Establishing Digital Trust: Don't Sacrifice Security for Convenience
Security researcher Luigi Auriemma recently discovered two vulnerabilites in network-connected Samsung devices that could enable an attacker to crash the device or take control of it remotely.
"Auriemma claims that the vulnerabilities will affect all Samsung devices with support for remote controllers, and that the vulnerable protocol is on both TVs and Blu-Ray enabled devices," writes Threatpost's Brian Donohue. "One of the bugs leads to a loop of endless restarts while the other could cause a potential buffer overflow. Auriemma discovered the issues accidentally. He told Threatpost via email that he was trying to play a trick on his brother. He only wanted to send a remote controller request with a funny message, but he ended up nearly destroying the TV."
"The devices listen on port 55000, where they receive control packets from iOS and Android smartphones," The H Security explains. "Auriemma said that, if these controller packets contain unexpected characters such as a line feed, the device will not accept any further commands after five seconds -- neither from a smartphone nor infrared remote or on the device itself. Apparently, the device begins to restart repeatedly after another five seconds."

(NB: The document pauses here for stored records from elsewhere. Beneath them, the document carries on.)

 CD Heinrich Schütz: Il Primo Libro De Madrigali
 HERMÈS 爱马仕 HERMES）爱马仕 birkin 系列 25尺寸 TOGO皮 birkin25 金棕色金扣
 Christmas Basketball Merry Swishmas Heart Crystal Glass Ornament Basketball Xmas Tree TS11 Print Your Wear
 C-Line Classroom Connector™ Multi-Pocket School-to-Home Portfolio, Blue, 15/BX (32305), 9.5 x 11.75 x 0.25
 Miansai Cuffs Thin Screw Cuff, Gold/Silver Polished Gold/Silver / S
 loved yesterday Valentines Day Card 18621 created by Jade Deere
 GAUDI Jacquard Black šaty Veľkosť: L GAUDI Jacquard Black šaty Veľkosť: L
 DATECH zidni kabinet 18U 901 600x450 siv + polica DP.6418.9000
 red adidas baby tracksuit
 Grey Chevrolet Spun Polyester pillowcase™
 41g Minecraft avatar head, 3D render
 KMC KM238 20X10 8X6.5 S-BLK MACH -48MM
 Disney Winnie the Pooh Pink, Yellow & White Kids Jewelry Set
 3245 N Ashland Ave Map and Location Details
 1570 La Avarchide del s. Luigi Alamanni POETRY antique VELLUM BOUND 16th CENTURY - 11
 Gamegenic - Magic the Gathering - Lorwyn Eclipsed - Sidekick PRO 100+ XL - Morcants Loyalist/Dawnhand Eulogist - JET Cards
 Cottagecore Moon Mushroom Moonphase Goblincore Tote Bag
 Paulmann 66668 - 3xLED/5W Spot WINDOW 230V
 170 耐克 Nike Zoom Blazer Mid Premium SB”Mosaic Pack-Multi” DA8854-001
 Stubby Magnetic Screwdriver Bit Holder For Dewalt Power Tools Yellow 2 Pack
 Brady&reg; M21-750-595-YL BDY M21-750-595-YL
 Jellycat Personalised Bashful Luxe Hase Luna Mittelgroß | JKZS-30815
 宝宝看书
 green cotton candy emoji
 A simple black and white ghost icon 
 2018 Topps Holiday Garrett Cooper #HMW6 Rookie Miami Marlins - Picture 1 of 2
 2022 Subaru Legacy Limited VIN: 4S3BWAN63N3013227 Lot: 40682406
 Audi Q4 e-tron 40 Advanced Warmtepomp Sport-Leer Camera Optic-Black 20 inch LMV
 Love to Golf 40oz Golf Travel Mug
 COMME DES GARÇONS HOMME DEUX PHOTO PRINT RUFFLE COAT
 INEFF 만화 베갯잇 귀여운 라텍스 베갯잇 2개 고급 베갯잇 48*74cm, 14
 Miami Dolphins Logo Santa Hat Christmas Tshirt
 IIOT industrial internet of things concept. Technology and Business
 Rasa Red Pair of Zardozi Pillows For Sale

"Auriemma also found a secondary bug that causes the device to crash if the MAC address field in the data packet contains an overly long string," writes PCWorld's Lucian Constantin. "He suspects that this is because of a buffer-overflow vulnerability, but can't confirm it because he doesn't want to damage his TV. Many buffer overflow vulnerabilities can result in arbitrary code execution. Auriemma didn't notify Samsung about the issues he found. 'I wanted to report the problems to Samsung but an email address doesn't exist for these types of bugs,' the researcher said."